A hamper of luncheon had been strapped behind the car with the suit cases. Miss Campbell sat between Elinor and Mary in the back, while Nancy took the seat now understood to be hers always, beside her friend Billie, in front. The four Campbell servants, who had grown old in their mistress’s service, stood in a row on the gravel walk to witness the strange sight of their beloved “Miss Helen” sailing away in a red infernal machine, her blue automobile veil streaming out behind like a piece of flying cloud.
“Don’t go too fast, Billie,” she exclaimed, as they turned the corner of Cliff Street, and whirled down the steep, rather slippery Main street of West Haven. “Remember that you have got a decrepit old woman in the back who has never ridden behind anything faster than a pair of ambling carriage horses in all her life.”
“How about the five-thirty express, Cousin Helen?” Billie called over her shoulder.
“A locomotive with an engineer is a very different thing from a young girl guiding a scarlet comet,” the little lady answered; but as they left the street for the country road and Billie gradually increased the speed, Miss Campbell leaned back with a look of blissful enjoyment on her face.
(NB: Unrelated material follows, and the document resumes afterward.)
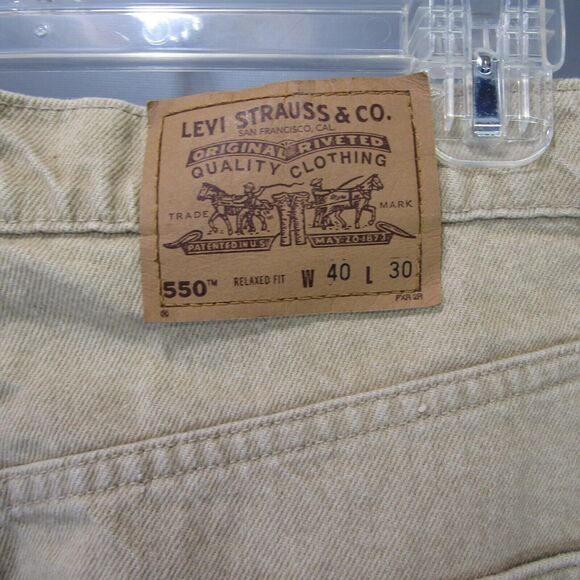 Vintage Levi's 550 Orange Tab Jeans Men's Size 40x30 USA Made Tan Denim Pants - Picture 7 of 9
“It is one of the most exhilarating things I have ever experienced,” she confided to Elinor.
At noon they stopped for lunch. The road now lay along a high cliff overlooking the ocean, which on this calm September morning was as serenely blue and still as a mill pond. White sails dotted it here and there, and an occasional wave rippled on the pebbly beach with a murmuring, drowsy sound.
They had pulled up at the side of a little pine grove just off the road and spread the lunch cloth on a carpet of pine needles.
Then the delicious cakes and sandwiches which Miss Campbell had ordered from Mrs. Price were arranged in neat piles, while Elinor opened her tea basket, a present from an aunt in Ireland, and made tea for the company.
It was all very delightful and they were enjoying themselves thoroughly, when Billie and Nancy, who were seated facing the others, received a slight shock. A tall, slender woman, dressed in black, with a long black chiffon veil completely concealing her face, suddenly emerged from behind a clump of dwarf oak and bay trees at the far end of the grove and beckoned to them.